Изменить размер шрифта - +
Оказавшись перед зеркалом, она испугалась — там маячила фигура в длинной белой рубахе, в ночном чепце.

 

АКСИНЬЯ. Чур меня, чур! Уходи, уходи... Я тебя не звала...

 

Отражение не исчезло.

 

АКСИНЬЯ. Да кто ж это, Господи? Да нет же, не я это, не я!

 

Она скинула чепец, обеими руками огладила взъерошенные волосы, обжала, свела пальцы у основания косы. Все равно в этом лице больше не было ничего такого, за что его можно было бы признать своим.

 

АКСИНЬЯ. А, знаю, знаю, знаю... Сейчас я тебя...

 

Она нырнула в низкую дверцу чуланчика и появилась с охапкой вещей — с зеленым кафтаном, с красным камзолом, с треуголкой. Сперва она положила вещи покойного мужа на постель, образовав из них подобие тела, и долго, нежно их гладила. Потом обняла, легла сверху.

 

АКСИНЬЯ. Где ты, радость моя? Куда тебя от меня забрали? Неужто на мученья? Неужто всех, кто без покаяния помрет, сразу на мучения забирают? А коли кого поветрие скрутит и не будет рядом батюшки, чтобы грехи ему, бедненькому, отпустить? Коли кто внезапно во грехах своих помрет?
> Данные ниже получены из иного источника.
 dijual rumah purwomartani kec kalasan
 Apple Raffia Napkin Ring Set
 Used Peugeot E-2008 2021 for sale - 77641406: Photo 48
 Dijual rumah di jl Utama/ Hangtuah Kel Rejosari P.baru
На мучения, значит? Я так тебя люблю, что сама бы за тебя живая в гроб легла, а тебя мучить будут?.. Постой, не уходи! Я же видела тебя, видела!

 

Аксинья поспешила к зеркалу, коснулась пальцами своего отраженного лица, схватила с постели кафтан, быстро надела в рукава, нахлобучила треуголку.

И вспыхнули свечи в канделябрах по обе стороны высокого темного стекла! Оттуда, из рамы, смотрел на Аксинью живой полковник Петров. Она в изумлении отступила на шаг — и он отступил. Она протянула руки — протянул и он.

 

АКСИНЬЯ. Андрюшенька... Светик мой!..

ПЕТРОВ. Аксиньюшка...

АКСИНЬЯ. Милый!..

ПЕТРОВ. Спаси меня!..

АКСИНЬЯ. Да, да, да! Да! Да!..

 

В спальню вбежала Прасковья.

 

ПРАСКОВЬЯ. Аксиньюшка, голубушка моя, ты что это затеяла?!
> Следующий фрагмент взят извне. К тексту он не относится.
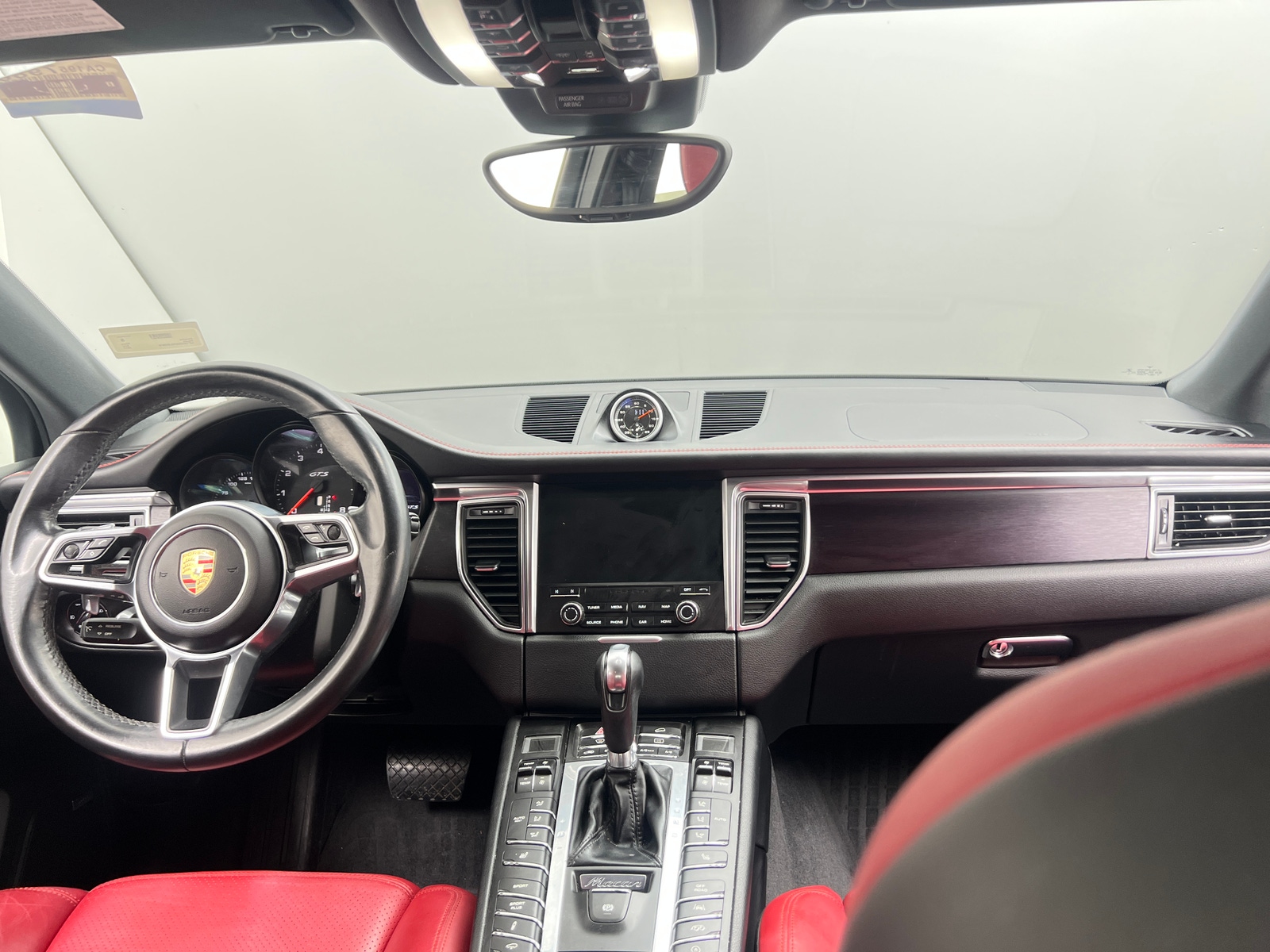 Thumbnail: 2017 Porsche Macan - 2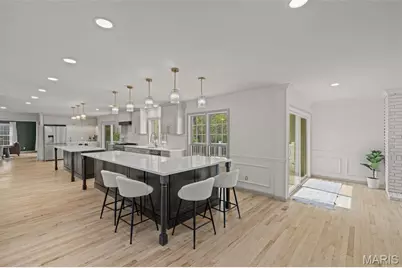 141 Greentrails Drive, Chesterfield, MO 63017 - Photo 3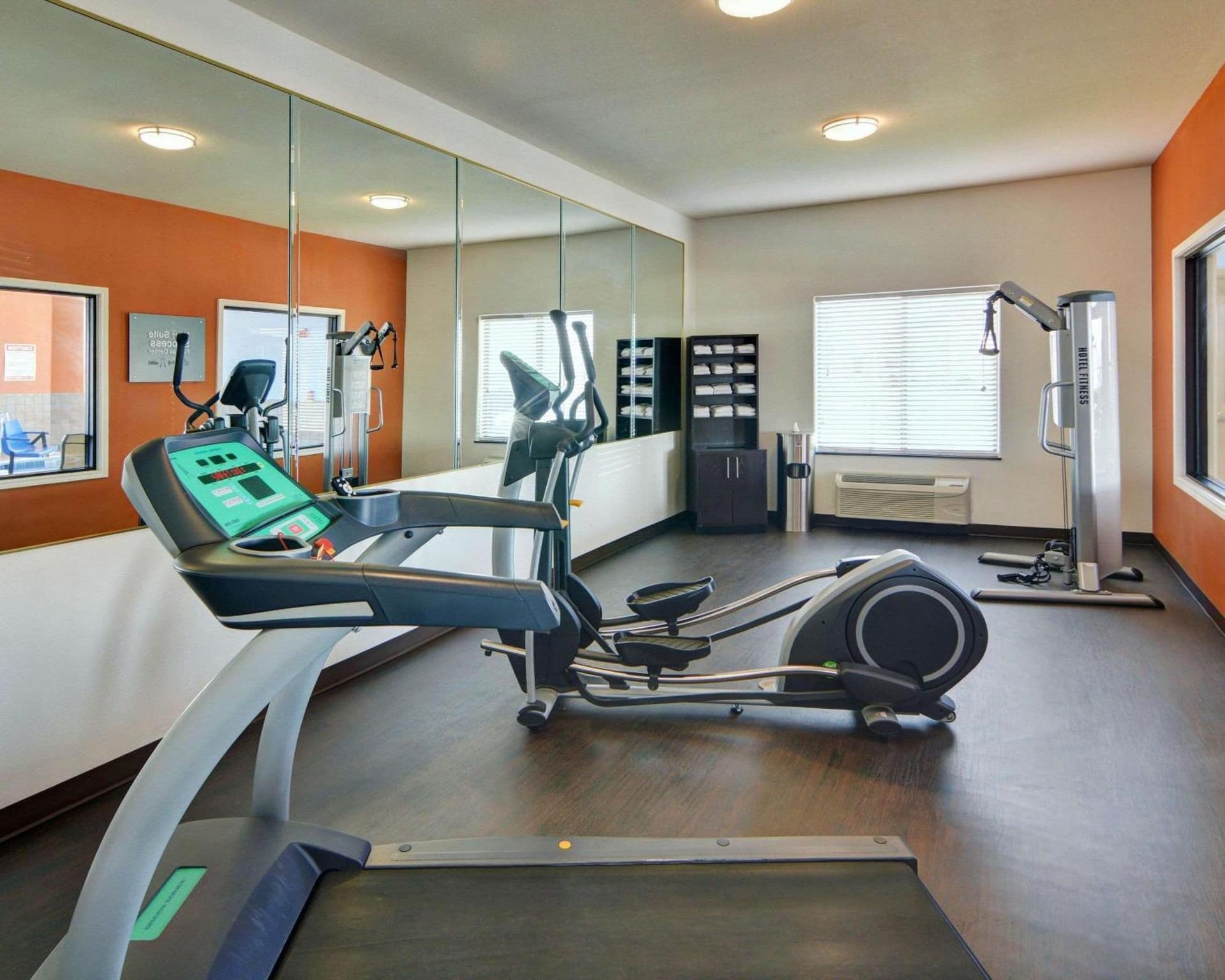 Comfort Suites Lake Worth gallery photo in Fort Worth, TX — image 22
АКСИНЬЯ. Положи душу свою за други своя!

 

Прасковья кинулась обнять хозяйку, и, обнимая, стянуть с нее одежду мертвого мужа. Но Аксинья извернулась и выбежала вон.

 

ПРАСКОВЬЯ. Ахти мне! Не уследила!..

 

 

 

Аксинья — уже не Аксинья, а Андрей Федорович, — в зеленом кафтане, красных камзоле и штанах, в треуголке, стояла на коленях, выкидывая на пол вещи из большого пузатого комода.

 

ПРАСКОВЬЯ. Да побойся Бога, сударыня! Да что люди-то скажут?..

АНДРЕЙ ФЕДОРОВИЧ. А чего им говорить? Схоронил я свою Аксиньюшку, хочу ее вещицы бедным раздать, и платьица, и рубашечки, и чулочки...

ПРАСКОВЬЯ. Аксинья! Очнись!

 

Прасковья что было силы принялась трясти сгорбившуюся над кучкой белья фигурку в широковатом зеленом кафтане.

 

АНДРЕЙ ФЕДОРОВИЧ. Да что ты говоришь, Параша? Что ты покойницу зря поминаешь? Умерла моя Аксиньюшка, царствие ей небесное, а я вот остался. Я еще долго жить буду, чтобы ее грехи замолить.

ПРАСКОВЬЯ. Да что же мне, отца Василия звать? Чтобы он пришел и сказал: Андрей Федорович умер, а ты, барыня Аксинья Григорьевна, жить осталась?

АНДРЕЙ ФЕДОРОВИЧ. А зови, милая. Придет он и скажет: день добрый, сударь Андрей Федорович, каково тебе без твоей Аксюши? Померла, бедная, без покаяния, тебе теперь за нее по гроб дней твоих молиться... Пока не замолишь — страдать будет, чая от тебя лишь спасения...

Прасковья в изумлении следила, как вываливались на пол платья, простыни, наволочки, шубка...

АНДРЕЙ ФЕДОРОВИЧ. Я — Андрей Федорович. С чего вы все решили, будто я умер? Умерла Аксиньюшка, а я вот жив, слава Богу. Есть кому за нее молиться... Вещицы раздам, сам странствовать пойду.